Stefano Marzioni, Luciano Monti, Alessandro Pandimiglio, Marco Spallone

Regulatory Impacts from the Financial Crisis on German Banks

The changes in Europe’s financial regulatory framework implemented since the 2007–2009 financial crisis have had a major impact on many aspects of the banking industry. The implementation from the regulatory guidelines is facing the banking sector with cost increasing challenges. I observe approximately 35 regulatory guidelines that will be in force from 2012 until 2019.Commercial banks and private banks are the worst prepared for regulation implementation. These banks have high costs that have been increasing since 2009, when regulation started. I show that the cooperative banks and the savings banks are better prepared for the implementation of the multiplicity legislations.

Michaela Hönig

Corporate Savings and the 2007–2009 Financial Crisis: A Warning for the European Banking Union

The final step of the European banking union process should be the single deposit guarantee mechanism (SDM) able to allow for bail-in of the banks while the saving system is rescued.

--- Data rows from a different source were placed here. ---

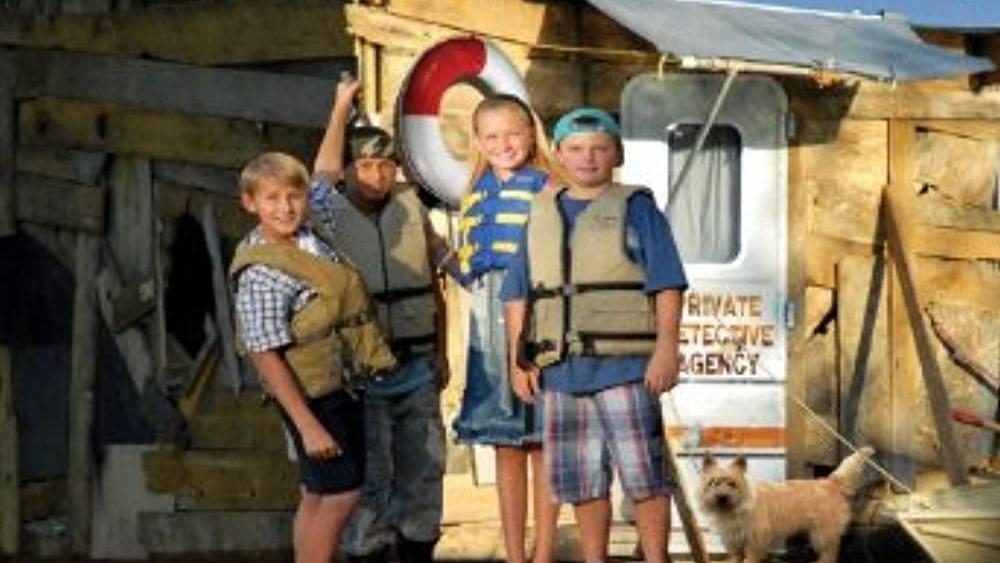 The Boathouse Detectives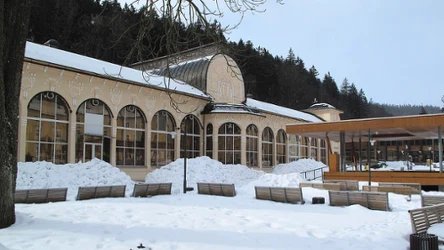 Uzdrowiska, które zachwyca wodami termalnymi, czystym powietrzem i licznymi atrakcjami. Leży zaledwie 13 km od polskiej granicy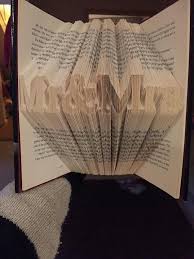 Www.orimoto faltanleitungen.de orimoto schriftzug orimoto faltanleitung deutsch mit 60 seiten orimoto anleitung orime.de kostenlos orime.de erfahrung gefaltete bücher. Mr And Mrs Mr Mrs Book Fold Folding Pattern Free Tutorial Book Origami Book Sculpture Art Buch Faltmuster Bucherskulptur Bucher Falten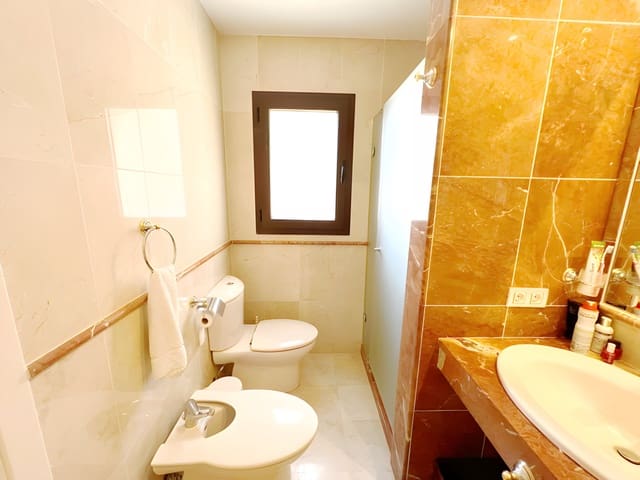 Apartamento de 3 habitaciones en Estepona en venta con piscina garaje - 595.000 € (Ref: 8978994)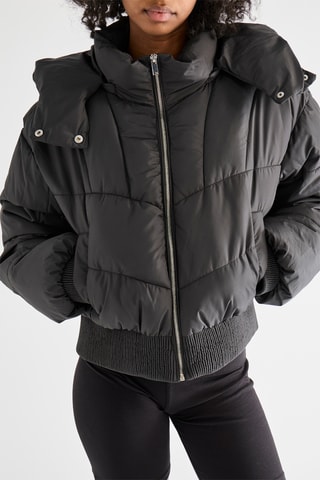 Anorak con capucha - Negro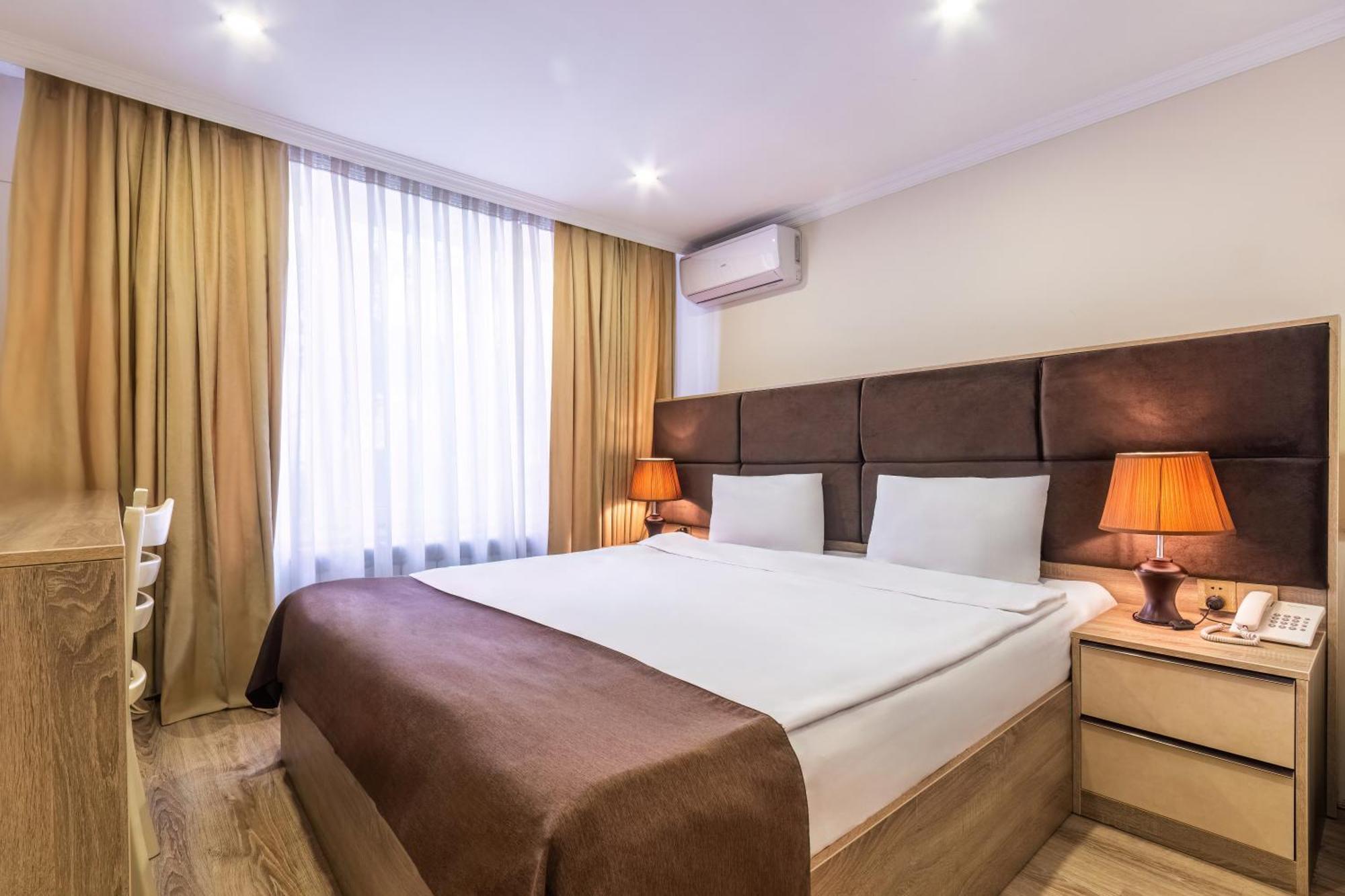 Deluxe Hotel บากู ภายนอก รูปภาพ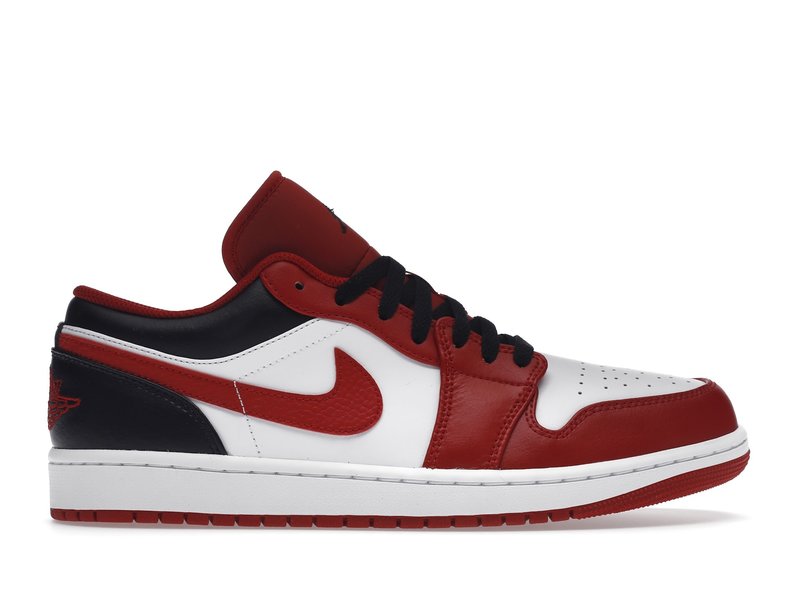 Jordan 1 Low Bulls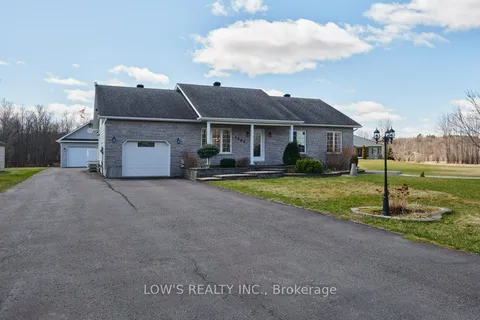 1582 Sandy Hill Road, ON K6A 2R2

If the effectiveness of bank deposit insurance depends on the nature of the financial crisis and the corporate savings glut does in fact play an important role in such crises, then it could be worth looking into the structural, cyclical or transitory nature of the latter. This paper constitutes a preliminary reconnaissance of the phenomenon, seeking to understand its relevance in defining the nature of a financial crisis.

Giovanni Scarano

New Tools for the Financing of SMEs


The European Central Bank and the Financing Conditions of Small and Medium-Sized Enterprises in Europe

Small and medium-sized enterprises (SMEs) play a crucial role in innovation, economic growth and job creation. Generally, SMEs face special problems when trying to access funding. Their situation is further complicated by the European economic crisis and a fragmentation of financial markets in the euro area. Funding conditions differ between the countries of the euro area. Claims have emerged that the ECB should more explicitly address the financing problems of SMEs. In this contribution we provide an overview of the current situation of SMEs and evaluate whether it should be the central bank that helps to overcome their funding difficulties.

Ansgar Belke, Florian Verheyen

After the Credit Crunch: Long-Term Finance for Economic Growth

We stress the role of a more balanced financial structure for the Italian corporate sector. Three sources of funding are seen as complementary: equity, long-term debt, and bank loans. An analysis of the credit crunch shows the emergence of two phases: the first from the Lehman crash (2008) to 2010; the second from the sovereign debt crisis (2011) to today. The supply of bank credit will not recover quickly, since bank behaviour is pro-cyclical and prudential regulation will not help. Italian firms should become less dependent on banks. Specialised intermediaries should channel funds from institutional investors to the corporate sector.

Angelo S. Baglioni, Andrea Monticini, Giacomo Vaciago

New Finance for Italian Firms. Issues of Mini-Bonds and SME Entering the Stock Exchange are the Most Promising Novelties

The difficulties of bank lending to Italian firms create an urgent need for new finance from alternative channels. This is essential to catch the recovery in 2014. More resources should come from private equity and mezzanine finance. Good news arrive from small and medium-sized enterprises (SME) accessing the stock-exchange. A promising novelty are the Mini-Bonds which try to open the corporate bond market to SME. We need to revive the securitization of loans. District and local bonds are little exploited. Positive development was recently seen in network finance. Confidi and Fondo Centrale di Garanzia should be strengthened to support access to credit.